- Opening Delimiter -
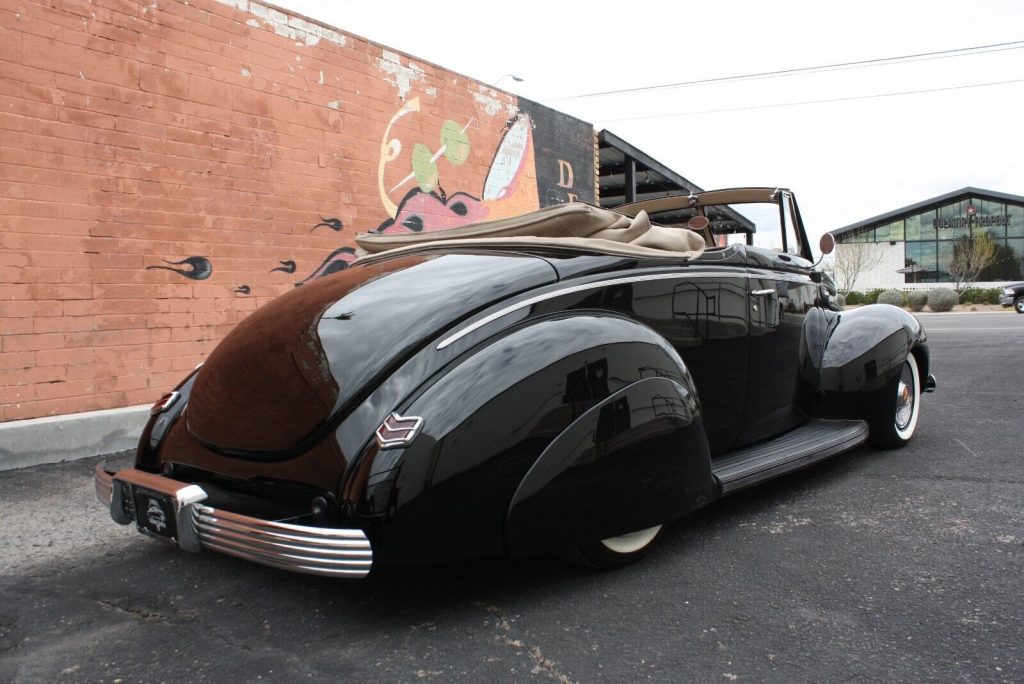 1940 Ford Deluxe convertible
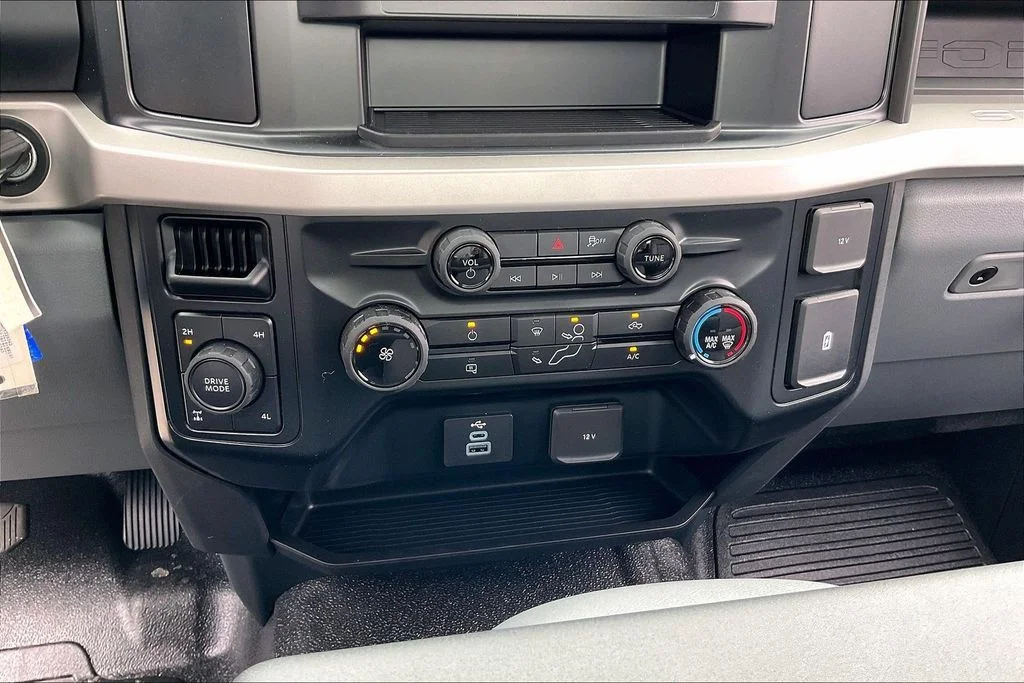 New 2026 Oxford White Ford F-250® XL image 33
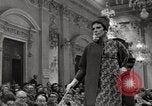 Image Fashion show Florence Italie, 1967, de la seconde 44 séquences d'archives historiques vidéo 65675032125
- Closing Delimiter -
**TASK INSTRUCTIONS**. Send back the listing exactly as it stands. Do not include the pictures.

**TASK OUTPUT**.
 1940 Ford Deluxe convertible
 New 2026 Oxford White Ford F-250® XL image 33
 Image Fashion show Florence Italie, 1967, de la seconde 44 séquences d'archives historiques vidéo 65675032125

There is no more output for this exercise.